The Maglev system can levitate a diamagnetic object in a paramagnetic solution according to its density. Maglev device consists of two N42-grade neodymium coaxial square permanent magnets of 2.5 cm length and width and 5.0 cm height (Magnet4less). The N poles of the two magnets face each other with a distance of 2.8 cm, to generate a highly intense magnetic field of 0.5 T. The sample container is a plastic cuvette of 4 ml capacity and 2.5 cm height. A paramagnetic aqueous solution of Dysprosium (III) nitrate hydrate (Sigma-Aldrich, Inc. Merk KGaA, Darmstadt, Germany) was used with a concentration of 50 mg/mL, as applied elsewhere (Digiacomo et al. 2021). After GO–HP incubation, coronated-GO samples were injected with a syringe at the bottom of the cuvette until the complete dissolution of the 100 µl sample. When the whole sample volume was distributed homogenously on the surface, the cuvette was inserted between the magnets. The diamagnetic object (e.g., plasma proteins) in a paramagnetic solution levitates when the magnetic and gravitational forces cancel each other out:

$$ \mathop F\limits^{ \to }_{{{\text{mag}}}} \, + \,\mathop F\limits^{ \to }_{{\text{g}}} = \, 0 $$
(1)

where \(\overrightarrow{F}\) mag depends on the magnetic susceptibility of the paramagnetic medium (Xm), the magnetic susceptibility (Xs) and the volume (V) of the diamagnetic object, the magnetic field (\(\overrightarrow{B}\)), and the magnetic permeability of free space (0) are as follows:

$$ \frac{{{\rm X}_{s} - {\rm X}_{m} }}{{\mu_{0} }} = V\left( {\vec{B} + \vec{\nabla }} \right)\vec{B} $$
(2)

and Fg is the buoyancy-corrected gravitational force, i.e.,

$$ \vec{F}_{g} = \left( {\rho_{s} - \rho_{m} } \right)V\vec{g} $$
(3)

where the sample density and medium density are, respectively represented by s and m, and the gravity acceleration by g. When the final equilibrium (Eq. (1)) is reached, the diamagnetic sample reaches a steady height (h) that depends on the density of the object in the paramagnetic solution:

$$ h = \frac{d}{2} + \frac{{\left( {\rho_{s} - \rho_{m} } \right)g\mu_{0} d^{2} }}{{\left( {\chi_{s} - \chi_{m} } \right)4B^{2} }} $$
(4)

In Eq. (4), the information related to the expression of the magnetic force (Eq. (2)), the gravitational force (Eq. (3)), and the geometry of the magnetic setup are collected.
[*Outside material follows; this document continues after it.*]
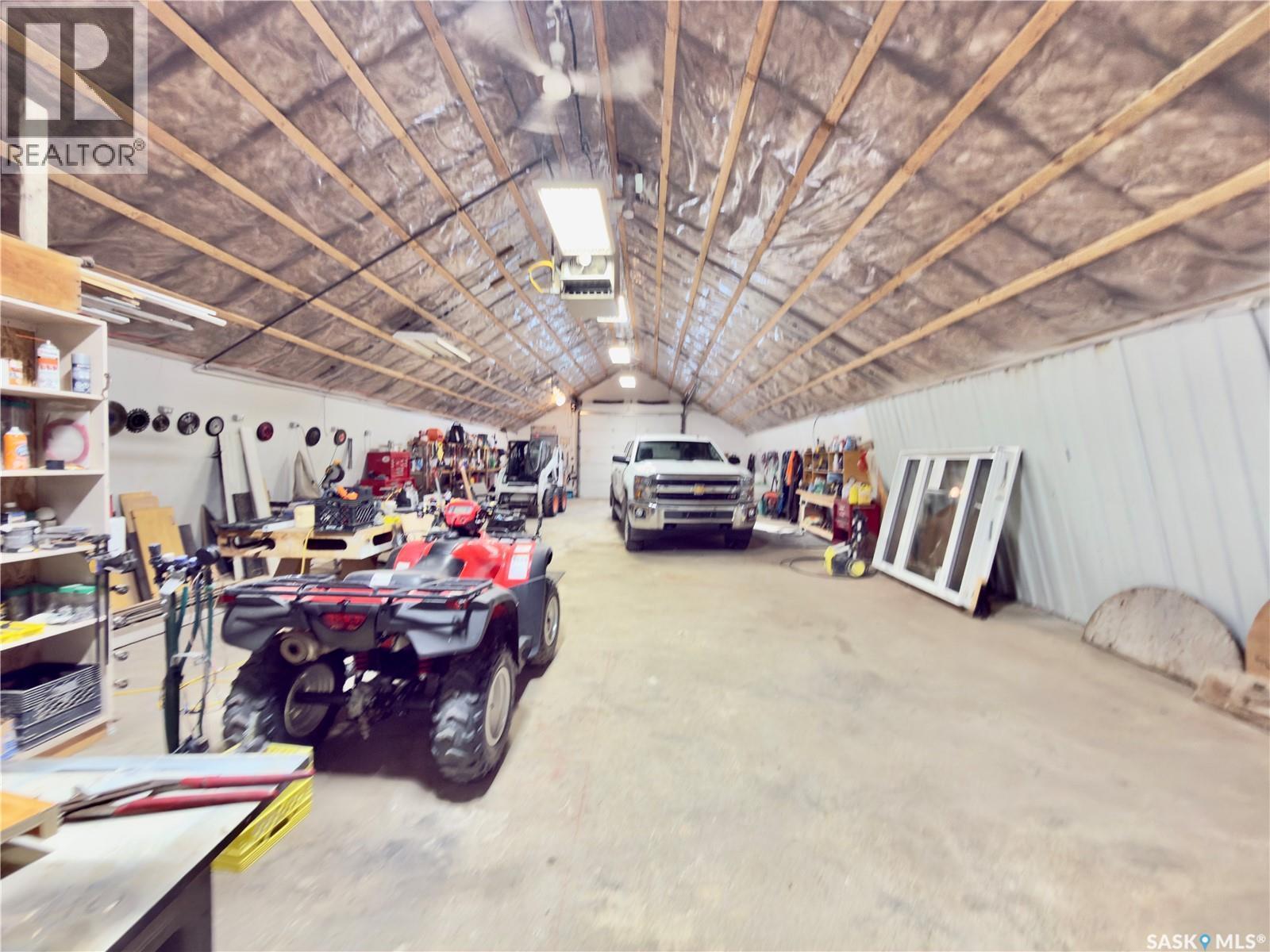 Rm Of Sutton Acreage, Sutton Rm No. 103, SK - Indoor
Finally, the Nikon D5600 camera (time-lapse mode, 1 frame per 20 s) was used to acquire image series of MagLev patterns (at a controlled temperature of 25 °C) of coronated-GO sample and Matlab (Mathworks, Portola Valley, CA, USA) scripts were applied for image processing. Briefly, for each frame, the vertical intensity profile was computed by averaging the recorded intensity over a region of interest containing the inner part of the cuvette. Then, after background subtraction, profiles were normalized to the maximum detected intensity over a reference window to avoid undesired effects due to exposure variations.

Statistical data analysis

A multivariate analysis was performed to classify healthy and PDAC-affected subjects. Briefly, the outcome from Maglev experiments, i.e., the height reached by the coronated-GO sample as soon as injected in the Maglev device (i.e., the ‘starting position’), was coupled to the circulating level of nutritional metabolites including glycemia, cholesterol, and triglycerides. ROC analysis was carried out to evaluate the classification ability of the test. ROC curves were obtained from the Linear Discriminant Analysis (LDA) performed for each coupling and by plotting the false-positive ratio (1 − specificity) vs the true-positive ratio (sensitivity). Statistical data analysis was performed with Matlab (MathWorks, Natick, MA, USA, Version R2022a) software.